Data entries
§
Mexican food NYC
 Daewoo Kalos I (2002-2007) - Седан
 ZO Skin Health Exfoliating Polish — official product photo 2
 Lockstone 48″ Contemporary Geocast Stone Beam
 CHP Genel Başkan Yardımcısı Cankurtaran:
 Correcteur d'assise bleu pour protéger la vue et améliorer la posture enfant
§
Work required:
Output the data in full, precisely as it appears above.

Reply to the task:
Mexican food NYC
 Daewoo Kalos I (2002-2007) - Седан
 ZO Skin Health Exfoliating Polish — official product photo 2
 Lockstone 48″ Contemporary Geocast Stone Beam
 CHP Genel Başkan Yardımcısı Cankurtaran:
 Correcteur d'assise bleu pour protéger la vue et améliorer la posture enfant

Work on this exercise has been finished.